_ASSIGNED TASK_. Examine each line of the listing below. Copy those in which the string "bois" appears.

_AVAILABLE DATA_.

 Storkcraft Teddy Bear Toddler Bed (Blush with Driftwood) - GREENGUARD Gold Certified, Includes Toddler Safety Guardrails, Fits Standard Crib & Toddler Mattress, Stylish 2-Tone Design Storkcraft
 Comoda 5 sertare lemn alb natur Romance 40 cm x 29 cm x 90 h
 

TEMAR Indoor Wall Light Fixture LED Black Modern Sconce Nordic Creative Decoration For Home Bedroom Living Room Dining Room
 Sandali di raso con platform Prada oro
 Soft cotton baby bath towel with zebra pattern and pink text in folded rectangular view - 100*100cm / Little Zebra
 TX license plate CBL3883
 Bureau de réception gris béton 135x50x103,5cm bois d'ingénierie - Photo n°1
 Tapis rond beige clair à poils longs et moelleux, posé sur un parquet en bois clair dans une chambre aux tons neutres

==

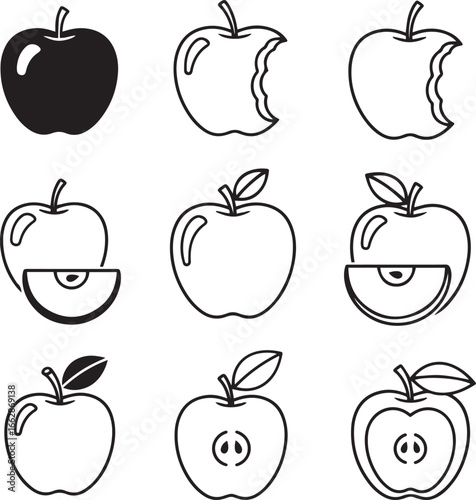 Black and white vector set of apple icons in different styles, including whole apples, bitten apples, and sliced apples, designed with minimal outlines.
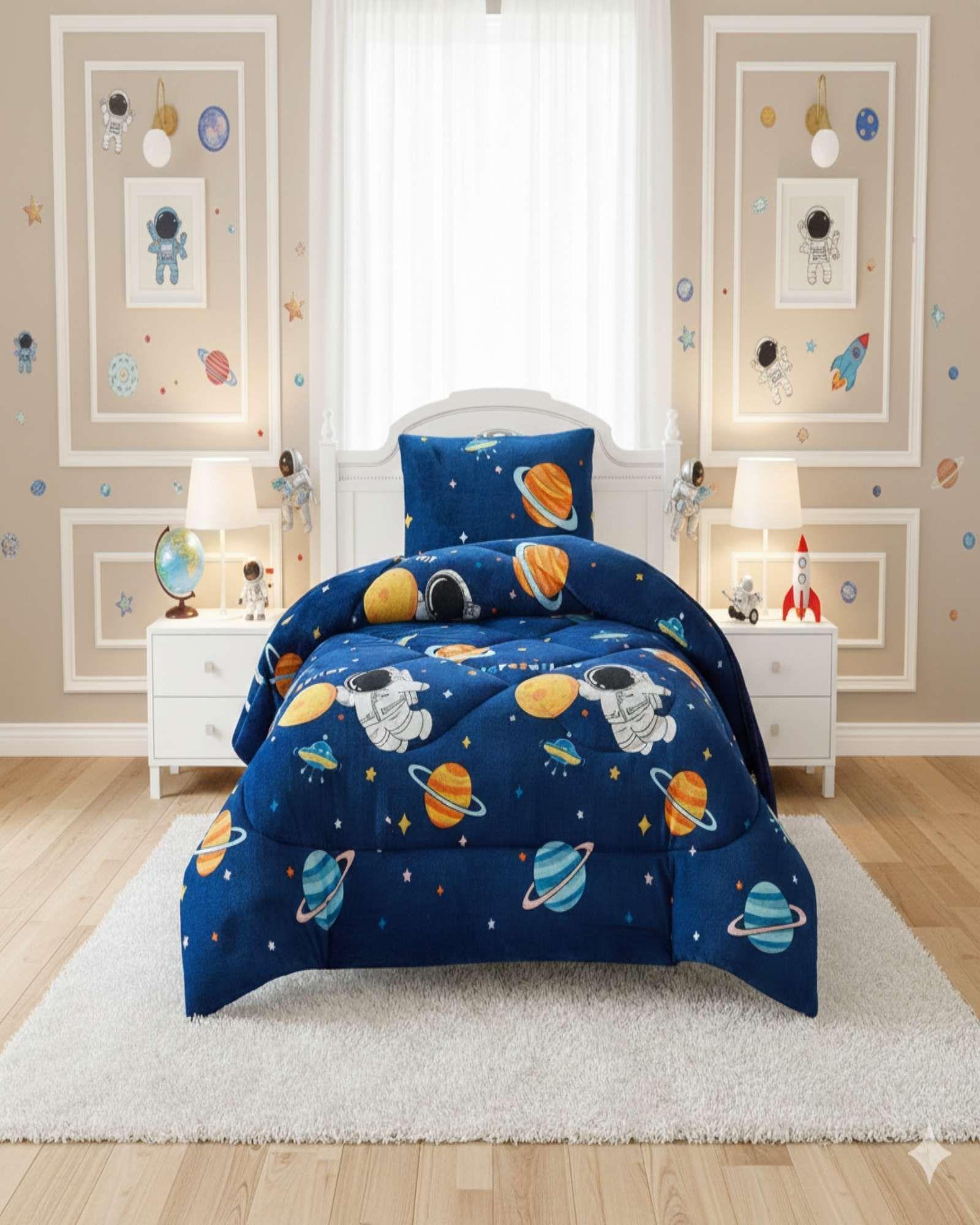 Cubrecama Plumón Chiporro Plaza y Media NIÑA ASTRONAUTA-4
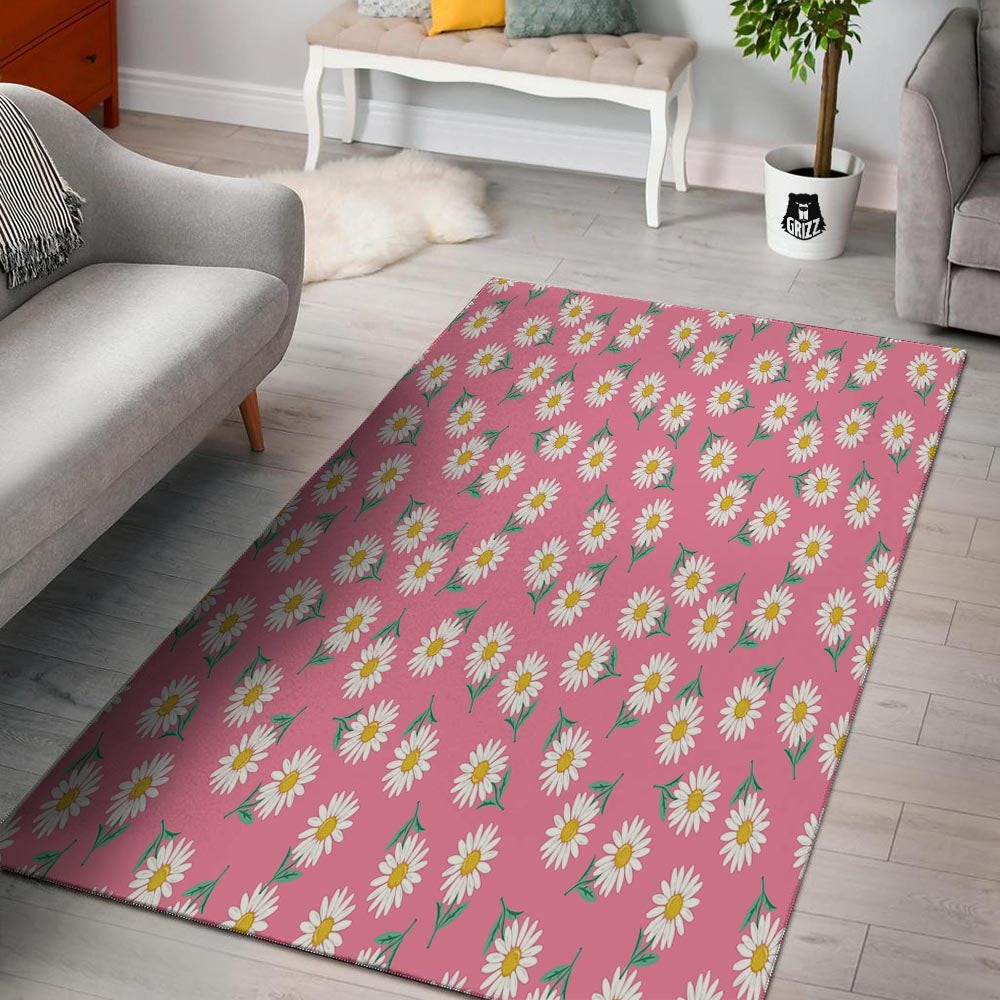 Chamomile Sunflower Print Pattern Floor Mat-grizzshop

_TASK RESPONSE_.
 Bureau de réception gris béton 135x50x103,5cm bois d'ingénierie - Photo n°1
 Tapis rond beige clair à poils longs et moelleux, posé sur un parquet en bois clair dans une chambre aux tons neutres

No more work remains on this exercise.